Everyone’s talking about Bob Dylan. A hit movie will do that sort of thing, and as Timothée Chalamet looks set to be a mainstay at awards season for his portrayal of Dylan in A Complete Unknown, the presence of the freewheelin’ troubadour will be invigorated once again, and his shadow will once again thicken over the music-making world. In truth, for those who have loved and listened to the man for six decades, there has rarely been a moment when that shadow hasn’t provided some needed shade.

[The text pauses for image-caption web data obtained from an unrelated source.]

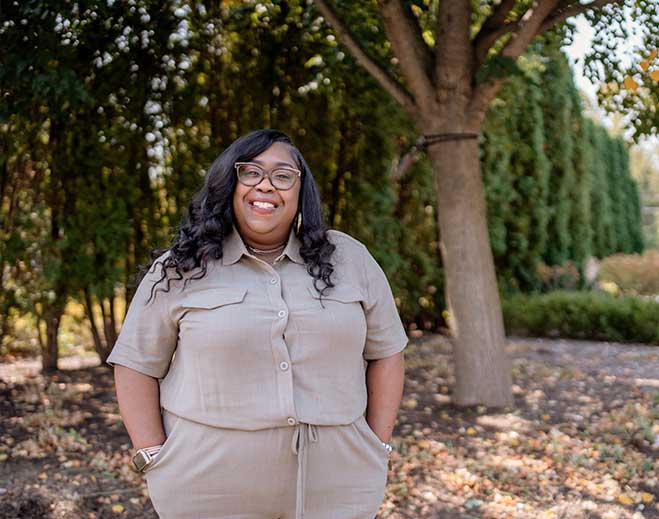 Sherkettia standing in park with trees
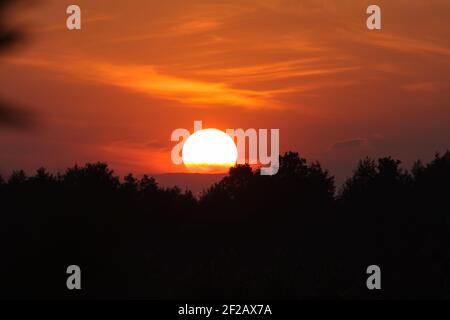 Sunset - sky on fire, sun dial, sky on fire, red sky, silhouette, trees, summer sunset - sun is setting behind the trees Stock Photo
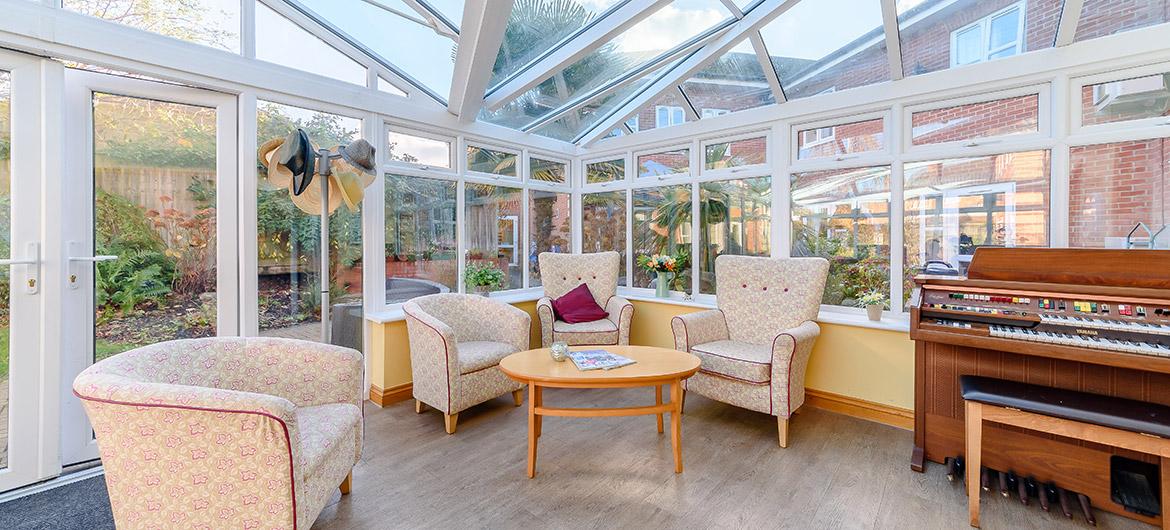 Beautiful conservatory with armchairs and a piano at Wantage Care Home in Oxfordshire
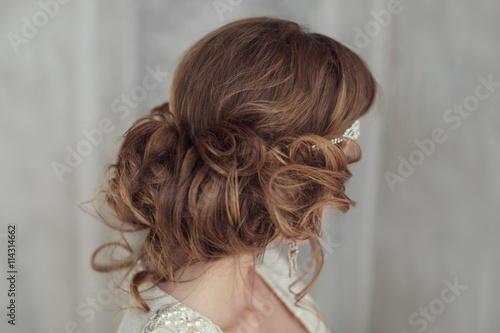 Studio portrait of beautiful bride with perfect hairstyle and ma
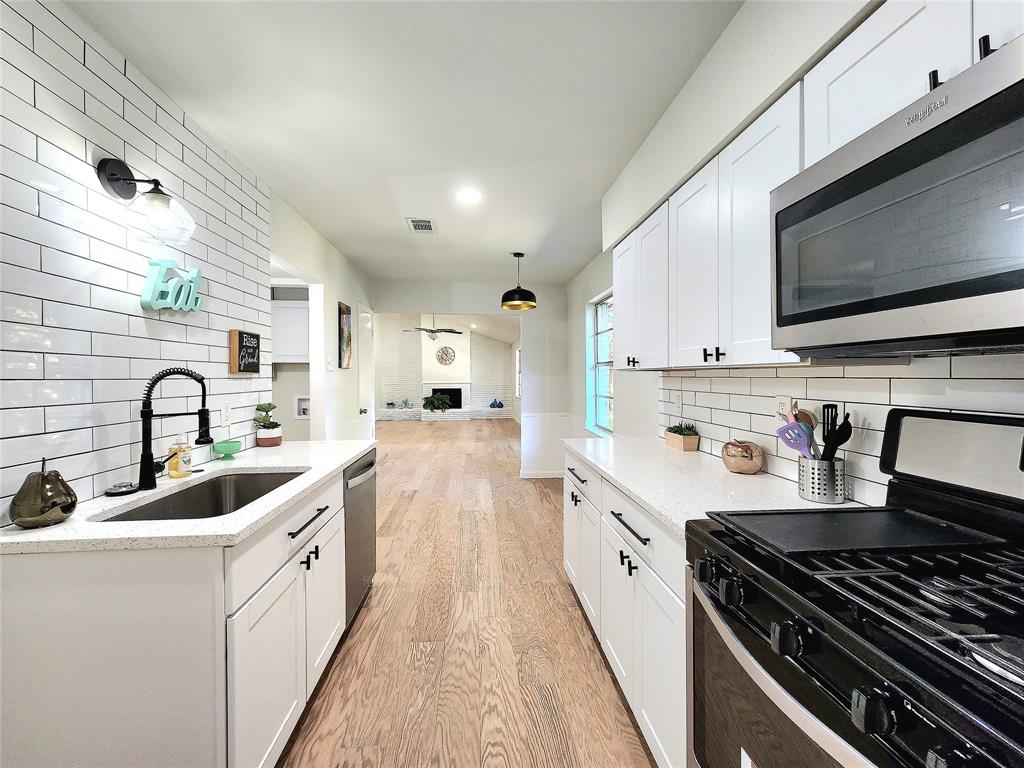 a kitchen with stainless steel appliances a sink stove top oven and cabinets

Dylan’s position as one of the greatest songwriters of all time has long been confirmed, and no Hollywood production was needed to rubber-stamp it. The only musician to be awarded the Nobel Prize for literature, a feat fellow wordsmith Leonard Cohen likened to awarding Mount Everest an award for being tall, Dylan’s plethora of incredible material has meant he has always been ripe for a cover or two.
Covering an artist’s song, as the old adage alludes to, could well be considered the sincerest form of flattery. In Dylan’s lifetime, he has lent his music to the very best and brightest. Nobody could forget the iconic reimaging of ‘All Along The Watchtower’ provided by Jimi Hendrix, about which Dylan himself noted: “It overwhelmed me, really. He had such talent, he could find things inside a song and vigorously develop them. He found things that other people wouldn’t think of finding in there. He probably improved upon it by the spaces he was using. I took license with the song from his version, actually, and continue to do it to this day.”
Add to Hendrix’s version of that song the brilliance of The Byrds, Johnny Cash, Odetta, Jeff Buckley and Rage Against The Machine and you have a range of covers that would leave any artist supremely proud of how influential their work had been. However, for every glimmering side of a shiny new coin, there is the grotty underside that you’d rather lose down your nearest drain. And Dylan has suffered through a fair number of awful covers.
While many musicians have given Dylan food for thought in terms of how to evolve musically — he once notably shared how impactful The Beatles had been on his songwriting — there was one man who showed him how to play his won songs better and, even more impressively, how to evolve them. Jerry Garcia of Grateful Dead would prove to be a guiding light.
Dylan had joined The Dead for a tour during the 1980s when his star was beginning to wane, and his willingness to change form had not quite allowed him to merge into his now iconoclastic status. But it wasn’t just on stage where Garcia had helped Dylan, as the songwriter noted in a 1997 interview with Edna Gunderson: “I can’t say that I’ve made any great-sounding records. A lot of the older songs were just blueprints for what I’d play later on the stage. Jerry Garcia proved that to me.”
It would become a life-changing moment for Dylan: “He took a lot of the songs and actually recorded them and sang them a step further than they were on my records. He heard where they should go. I would hear his versions of songs of mine, and I’d say, ‘OK, I understand how it should go.’ Then I would play that and might even take it a step further. There have been other artists who have recorded my songs and shown me the way the song should go.”
While it might seem odd to imagine Dylan, one of the true greats not just of pop music but in the entirety of music’s history, to learn anything from a contemporary, his interaction with Garcia is proof of his devotion and a hint at the reasoning behind why he is so revered. Dylan never wanted to stand still. Whether it was in his bid to ‘go electric’ as the film focuses on, or change his recording and performance style when being the dangerous young songwriter no longer washed — Dylan is a true artist, and all true artists always look forward.